Today, growth is more difficult, more complicated, and more complex to achieve. The traditional idea of value extraction process is coming to an end. Therefore it is now necessary to create value, rethink strategies, structures and leadership for sustainable growth. Companies must integrate the international context of “slowbalisation” (the slowing of globalization). To succeed in future, they must also provide transparent answers on environmental and societal impacts.

We need a new growth architecture to better understand markets in this post-growth landscape. We need to renew the demand generation strategies and the supply strategy that will create the conditions for the next wave of growth. WPP, the world’s leading marketing group, is helping support its customers in this endeavor.  

A study by the new Initiative for Real Growth (IRG) WPP platform, launched in 2019, is the most comprehensive so far in exploring the drivers of this new sustainable growth worldwide. It provides a framework for companies to evolve their model, to conquer new markets, to build a future for themselves and to guarantee the keys to success. This study provides tangible and quantified information and strategic directives that must be implemented to build sustainable growth.

In addition to hundreds of interviews with executives conducted worldwide, France has been particularly active on this groundbreaking project, with more than 30 face-to-face interviews and more than 350 responses to the online survey. France shares with other countries in the study of common challenges. And the French portion of this research is extremely rich in lessons.

1. Holistic integration of data and talent: French growth champions have understood the importance of better mastering their data and analytics, because it is a fundamental means to achieve more advanced knowledge and expertise, to serve strategic decision-making and business—just like the integration of skills, which is still difficult at a time when they are interacting more and more. Yesterday, there was the rivalry between marketing and commerce; today, it’s between IT and business. To be successful in future, companies need to break down organizational silos and create ecosystems that are catalysts for collective intelligence. This is a first imperative common to all.

Taking up this dynamic is both a guarantee of employee loyalty and an important lever of attractiveness for the different talents needed at the time. It seems that it is imperative to open up to multitaskers capable of integrating data and creativity because, by recruiting too many people who look like us, we miss opportunities and sources of growth.

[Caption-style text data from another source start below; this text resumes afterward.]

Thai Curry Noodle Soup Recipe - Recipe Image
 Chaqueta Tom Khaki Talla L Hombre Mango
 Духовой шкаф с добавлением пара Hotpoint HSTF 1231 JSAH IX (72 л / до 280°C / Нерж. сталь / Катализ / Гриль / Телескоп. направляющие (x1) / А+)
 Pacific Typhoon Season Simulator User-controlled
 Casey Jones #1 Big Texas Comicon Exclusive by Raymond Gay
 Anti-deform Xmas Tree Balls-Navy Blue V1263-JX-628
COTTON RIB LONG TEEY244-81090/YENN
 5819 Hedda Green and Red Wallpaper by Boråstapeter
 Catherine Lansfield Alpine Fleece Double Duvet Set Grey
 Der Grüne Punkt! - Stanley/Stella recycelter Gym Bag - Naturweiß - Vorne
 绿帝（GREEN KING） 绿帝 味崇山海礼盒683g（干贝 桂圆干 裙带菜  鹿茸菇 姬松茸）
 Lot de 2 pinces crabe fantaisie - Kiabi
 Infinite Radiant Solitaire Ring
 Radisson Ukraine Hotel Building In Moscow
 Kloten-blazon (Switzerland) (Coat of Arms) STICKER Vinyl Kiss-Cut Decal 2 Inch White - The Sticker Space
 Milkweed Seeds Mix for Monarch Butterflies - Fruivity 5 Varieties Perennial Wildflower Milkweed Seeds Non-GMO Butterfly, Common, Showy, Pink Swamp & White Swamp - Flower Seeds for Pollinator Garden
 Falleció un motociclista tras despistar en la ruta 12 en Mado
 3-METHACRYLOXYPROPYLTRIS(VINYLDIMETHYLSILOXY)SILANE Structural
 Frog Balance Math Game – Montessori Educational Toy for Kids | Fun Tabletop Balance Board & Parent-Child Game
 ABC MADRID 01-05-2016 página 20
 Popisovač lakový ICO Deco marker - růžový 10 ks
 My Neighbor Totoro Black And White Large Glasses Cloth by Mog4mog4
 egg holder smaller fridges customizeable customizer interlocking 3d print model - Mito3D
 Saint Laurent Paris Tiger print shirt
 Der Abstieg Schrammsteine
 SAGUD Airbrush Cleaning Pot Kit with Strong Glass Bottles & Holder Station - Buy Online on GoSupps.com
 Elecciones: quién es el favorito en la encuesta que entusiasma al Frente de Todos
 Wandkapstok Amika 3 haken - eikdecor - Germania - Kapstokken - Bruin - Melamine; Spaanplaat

2. Constant analysis of change: The French results also shed light on very specific levers for succeeding in this landscape; for example, the need to understand changes in the markets in which companies operate, or to be regularly informed about trends and new consumer needs.

The level of consumer demand, linked to digital technology, also contributes to a feeling of acceleration in the marketing of new products or services for all industries. And this leads a high level of concern about how to collaborate with external partners, who—thanks to specific know-how or technologies—can save valuable time or open up new markets.

3. Responsible, inclusive leadership and long-term vision: French champions are working on a new philosophy of growth, more responsible, more inclusive and diversified both in terms of talent and the means used to achieve it.

Emphasis must be placed first and foremost on people (attractiveness, mobilization, loyalty), without forgetting to ensure profitability and long-term vision. But again, the focus should be on thinking of innovation as a real breakthrough opportunity. It should be provided with resources and time, and considered not as a marginal project, but as central to strategy.

This new architecture for sustainable growth requires the reconciliation of antagonisms in our management of temporality (between short and long term). The quest for meaning and responsibility must no longer be dissociated from business.